It was late at night and I was working in some office. I went across to the ladies room, pushed the door open, and thought, “It’s late and no one’s around. If I scream no one will hear me.” So I checked the stalls. First one, empty. Second one, empty. Third one, a guy was standing in there looking at me.
He was young and white-skinned. He quickly explained that he wasn’t an attacker, he just wanted to return this big ring of keys he’d found but didn’t know how. It made perfect sense, and we walked together down the hall to a party where my brother Rolando was. I was sure Rolando would be able to solve the key ring dilemma but he was busy just then, in a circle of people, so my new friend and I went to wait at one of the bar tables scattered nearby. Other guests were milling around. A woman friend was standing at our bar table and I introduced her to my new friend. He was so cute and she was so cute, they’d be perfect together. But when I started explaining how we’d met in the bathroom, I realized that my new friend kind of sounded like a psychopath. Then I realized that he could have been lying about wanting to return the keys and it was perfectly likely he’d been waiting to attack someone. It was suddenly awkward.

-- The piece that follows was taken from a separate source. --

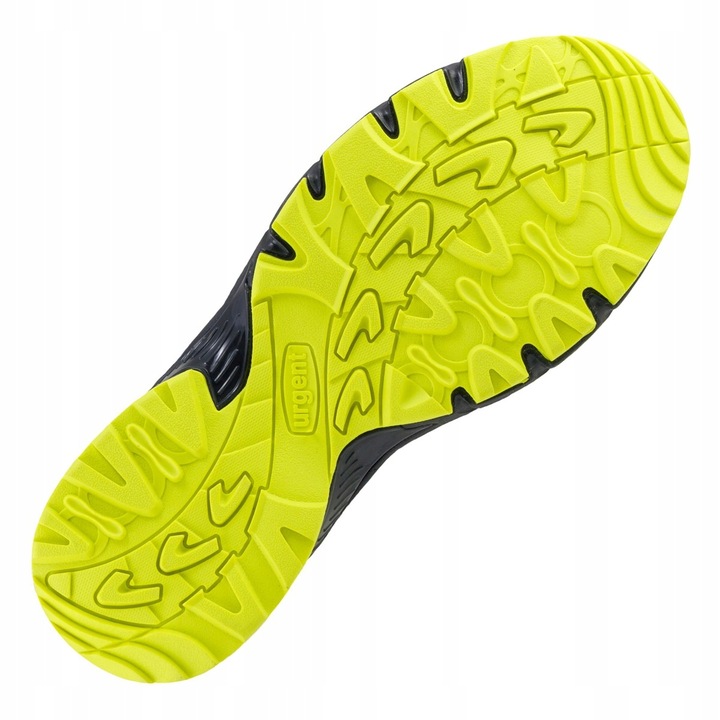 LEKKIE buty robocze SPORTOWE półbuty PRZEWIEWNE 242 S1 z podnoskiem r. 44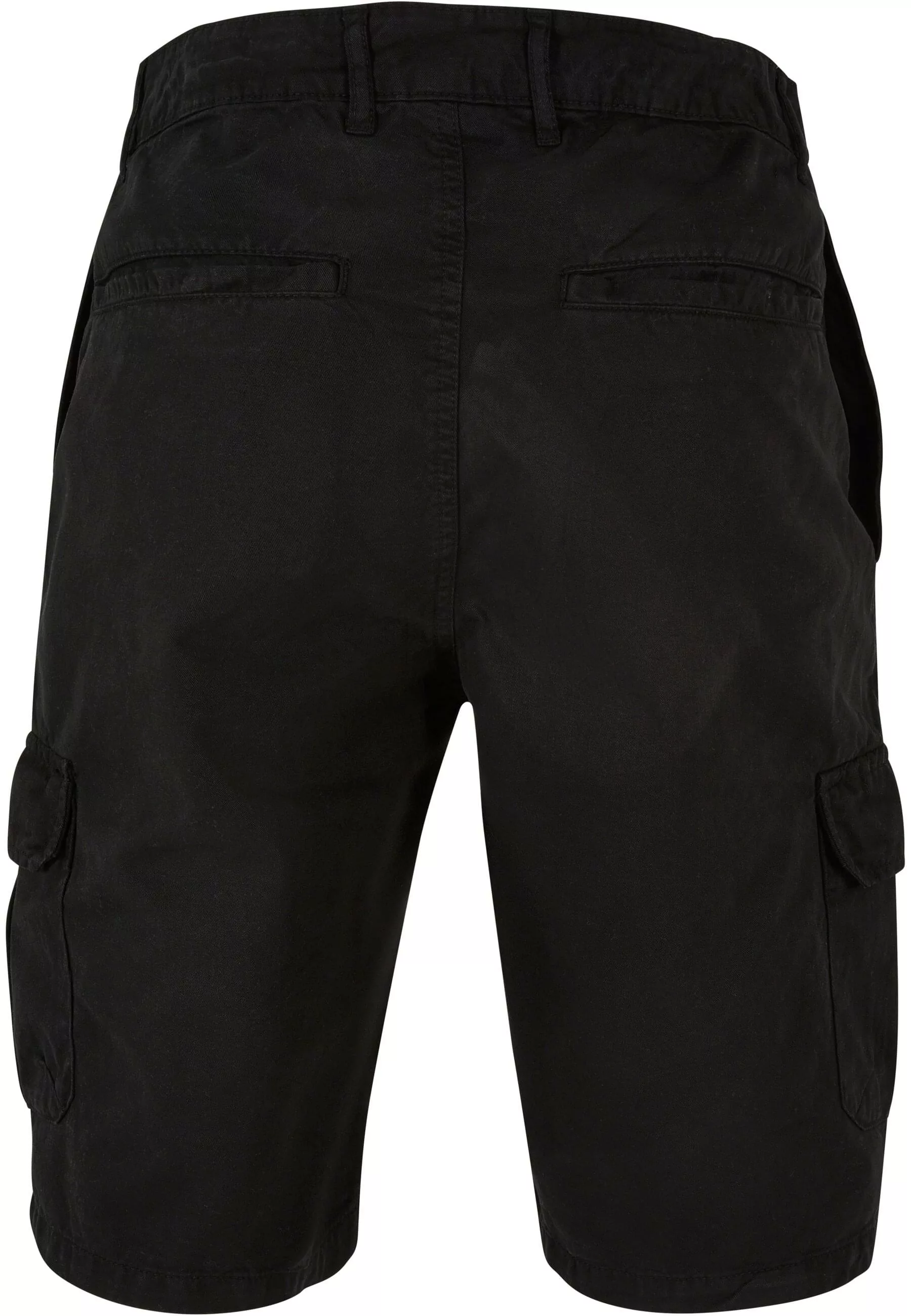 URBAN CLASSICS Stoffhose "Urban Classics Herren Big Cargo Bermuda", (1 tlg. günstig online kaufen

The basis for this dream seems obvious. Yesterday I was late for my playwriting class. I rang the buzzer at the building’s entrance, a woman answered, I said who I was, and she buzzed me in. From there it’s a short walk to the elevator which takes you up to the second floor, where the offices and classrooms are. They’re very careful about letting people into the building. They always call down and check who you are before they buzz you in. There’s a sign on the door that reads, “Please do not let anyone into the building behind you. Everyone must be buzzed in individually.” Except how do I tell that to the young dark-skinned man who followed me in, so closely I couldn’t have shut the door behind me without physically pushing him out?
I hoped he was headed somewhere other than the elevator. Nope, he followed me into the elevator. I pushed 2, and hoped he’d push a different button. Nope, he didn’t push a button. That worried me more. He was wearing a hat and he wasn’t smiling. I thought about making small talk, maybe about the great weather, but if he did have bad intentions he might take me for soft, so I held on to my late-for-class scowl. At floor 2, he followed me out of the elevator and into the theatre offices. What was this guy’s problem? He stopped at the front desk and I kept walking. If they wanted to yell at me for letting someone else into the building they’d have to catch me first. I snuck into class, which had already started, and forgot all about the guy. When I came out at break, he was sitting on a couch, sorting through headshots. I smiled tentatively at him, feeling like an idiot. He smiled slightly back.
So clearly my brain lodged those few moments of vague fear of a possible elevator attack and rearranged them, as it likes to do in dreams, into an incident involving a bathroom. But why did my brain switch the situation from being wrongly founded in fear to being wrongly founded in trust? And why did it change the color of the person’s skin from black to white? It’s moments like this that make me suspect my subconscious is either a lot wiser than the rest of me or a lot more devious.